Die Meistersinger von Nürnberg - Synopsis

Richard Wagner: Die Meistersinger von Nürnberg. Kevin Conners, Jan-Hendrik Rootering Richard Wagner: Die Meistersinger von Nürnberg Richard Wagner: Die Meistersinger von Nürnberg

Die Meistersinger von Nürnberg

Richard Wagner

 

Act I

The Day before Midsummer's Day (The Feast of St. John)

The knight Walther von Stolzing and Eva, daughter of Pogner, a goldsmith and Meistersinger, are in love. But Eva may only marry one of the Meistersingers; her father wishes to offer her as the victory prize in the singing contest at the next day's Midsummer carnival. Stolzing decides to become a Meistersinger immediately, although knowing nothing of their many strict rules. David, apprentice and member of the singing guild, explains them to him. The Meistersingers gather together and praise Pogner's plan which is intended to carry their art to new heights. But they turn down Hans Sachs's suggestion to allow the townspeople to join in choosing the victor. Stolzing asks to be accepted into the Meistersingers' guild. He must name his singing master, and sing an audition song. Beckmesser, the town clerk and himself a suitor of Eva, chalks up an endless list of faults in the knight's singing, and the Meistersingers decide he is not qualified to join them. Sachs, delighted by Stolzing's effusive song, cannot change their minds.

 

Act II

Midsummer's Eve

The apprentices are looking forward to the next day's carnival and make fun of David, because of his love for Magdalene, Eva's governess. Pogner has doubts about his plans; Eva waits restlessly for Stolzing. Sachs gives himself up to Stolzing's strangely beautiful love-song (Flieder-Monologue). Eva finds out about Stolzing's failure from Sachs, her trusted fatherly friend. At last Stolzing comes, and the lovers decide to flee: "Away into freedom!" But their plan is foiled. Beckmesser appears and wants to try out his contest song under Eva's window, where in fact, Magdalene is sitting, disguised in Eva's clothes. Sachs interrupts Beckmesser's serenade by cobbling and singing a loud song about his own love for Eva. In the end Beckmesser has to let Sachs hammer on the soles of the shoes every time he, Beckmesser, makes a mistake, an he makes a lot of them! David, supposing Beckmesser to be a rival, gives him a thrashing, and soon all the townspeople, disturbed by the noise, come to blows in a boisterous Midsummer's Eve free-for-all.

 

Act III

The Feast of St.
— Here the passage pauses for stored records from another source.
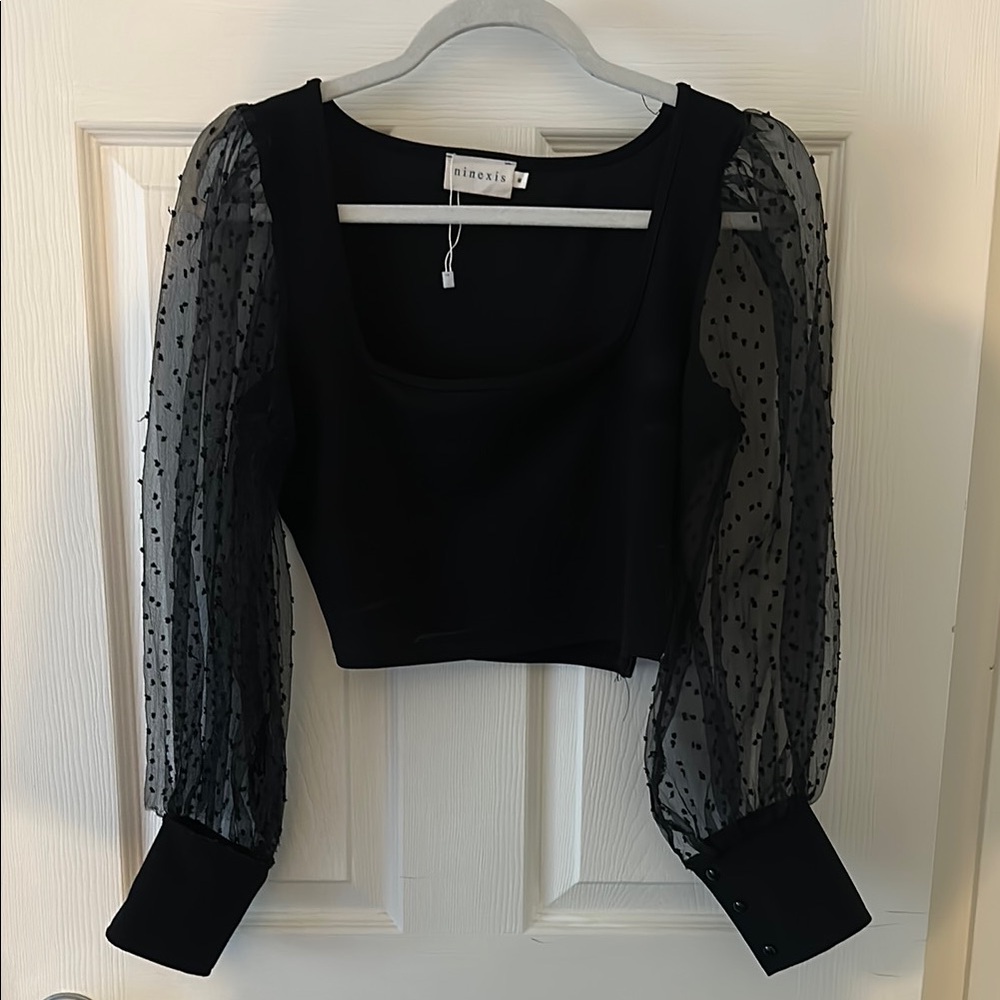 Black Fitted Long Sleeve Sheer Cropped Blouse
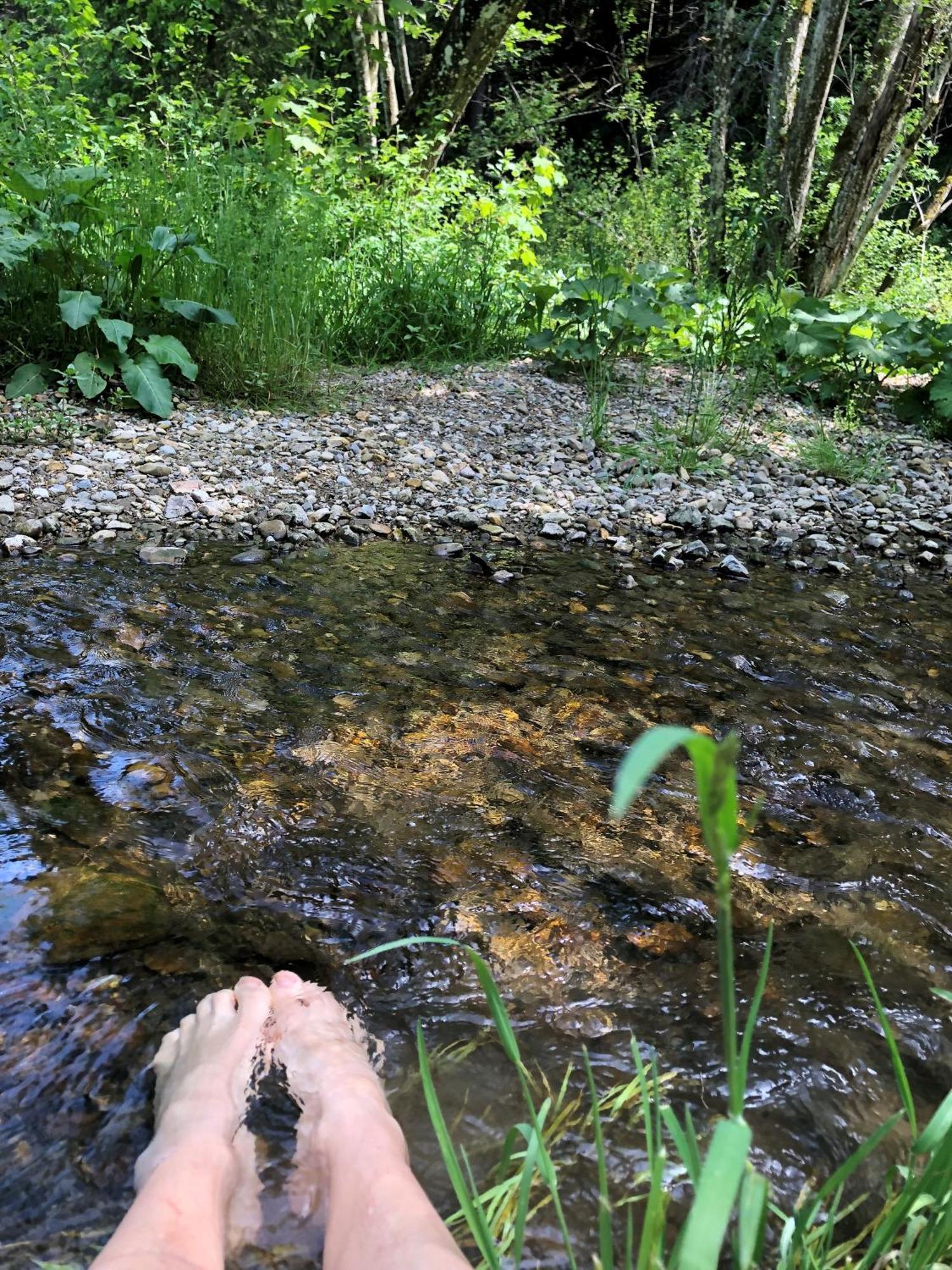 Natur- & Aktivoase Buchenberg  Exterior foto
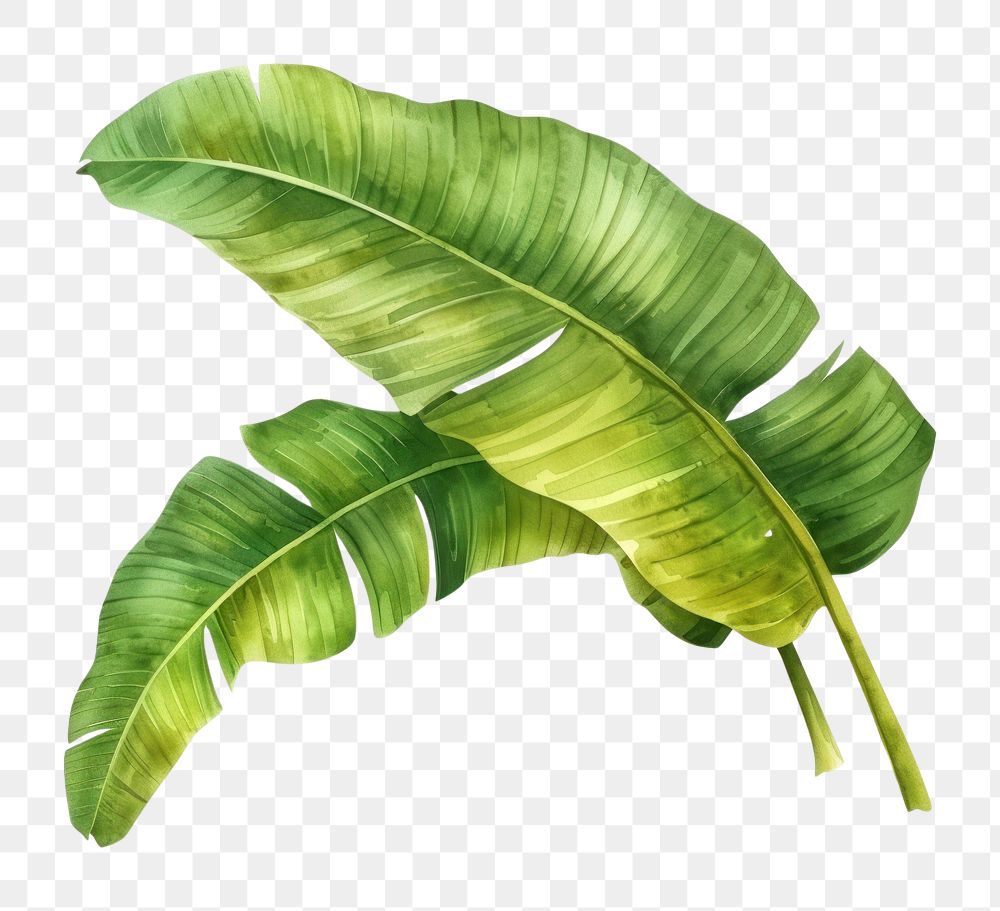 PNG  Banana leaves plant leaf fern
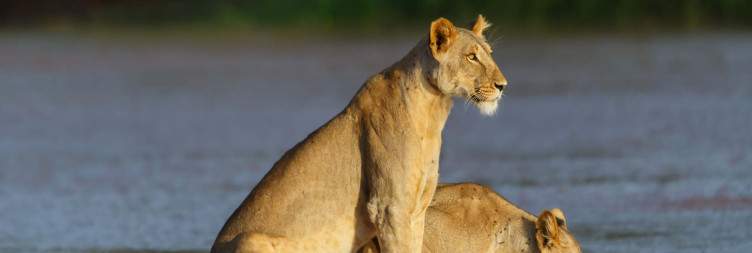 Arrival Nairobi– Samburu National Reserve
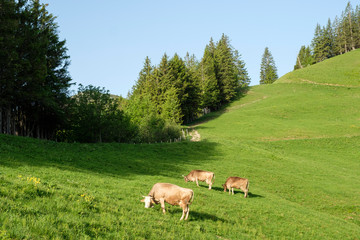 Grazing cows with horns on a lush meadow in the Bernese Oberland / Switzerland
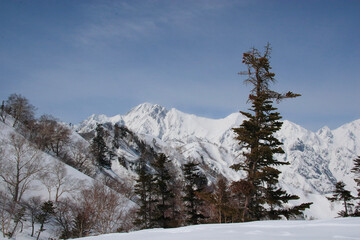 snow covered trees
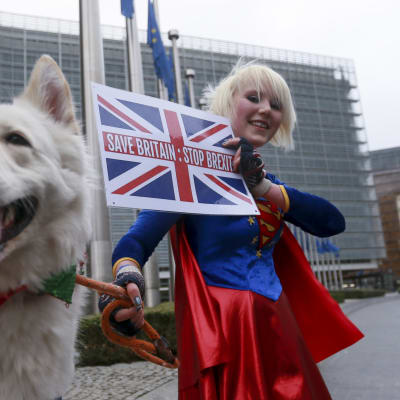 Brexitiä vastustava brittiläinen sarjakuvapiirtäjä Madaleina Kay kampanjoi viime viikolla Brysselissä.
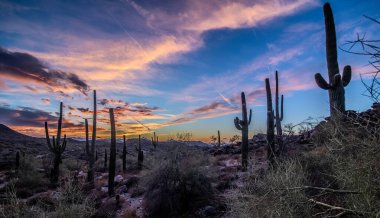Arizona çölünde gün batımında Saguaro kaktüsüyle Sonoran Çölü 'nde Phoenix yakınlarında.
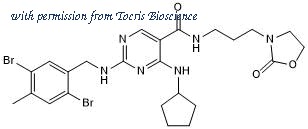 Tocris Bioscience 7572/10 image 1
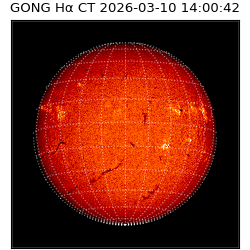 gong - 2026-03-10T14:00:42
John, Morning

David greets Hans Sachs on his nameday. Sachs, who has not slept during the night, reflects on the chaos of the previous night, and decides to help the love of Eva and Stolzing to victory in Nuremberg ("Wahn-Monolog", or "Philosophising on human follies"). Stolzing has spent the nigth in Sachs's house, and dreamt vividly. Sachs helps him to recast this dream into a love-song, with which he should court Eva at the tournament. Beckmesser finds the text, and takes it for a wooing song, written by Sachs. Surprisingly, Sachs gives him the text. Eva meets Stolzing at Sachs's house, and thanks the Meistersinger for his great but renounced love. Stolzing's new song receives a formal christening, David is quickly made a journeyman, and then they all set off for the carnival.

Later the Same Day

The townspeople and guilds are celebrating in the carnival fields. The Meistersingers gather together, and Sachs is ceremonially welcomed by the townspeople ("Wach auf", "Awake"). Then the singing contest for Eva's hand is opened. Beckmesser sings the song found at Sachs's house but which he does not comprehend, and mutilates it completely. His performance is greeted with laughter. Sachs arranges for Stolzing to present the song correctly, and all are captivated by Stolzing's passionate singing. But even as the Meistersingers wish for him to join their guild, he declines. Eva is enough for him. Sachs admonishes him, reminding that the art of singing and its custodians, the Meistersingers, should be treasured, and wins Stolzing. All thanks Hans Sachs, with great enthusiasm.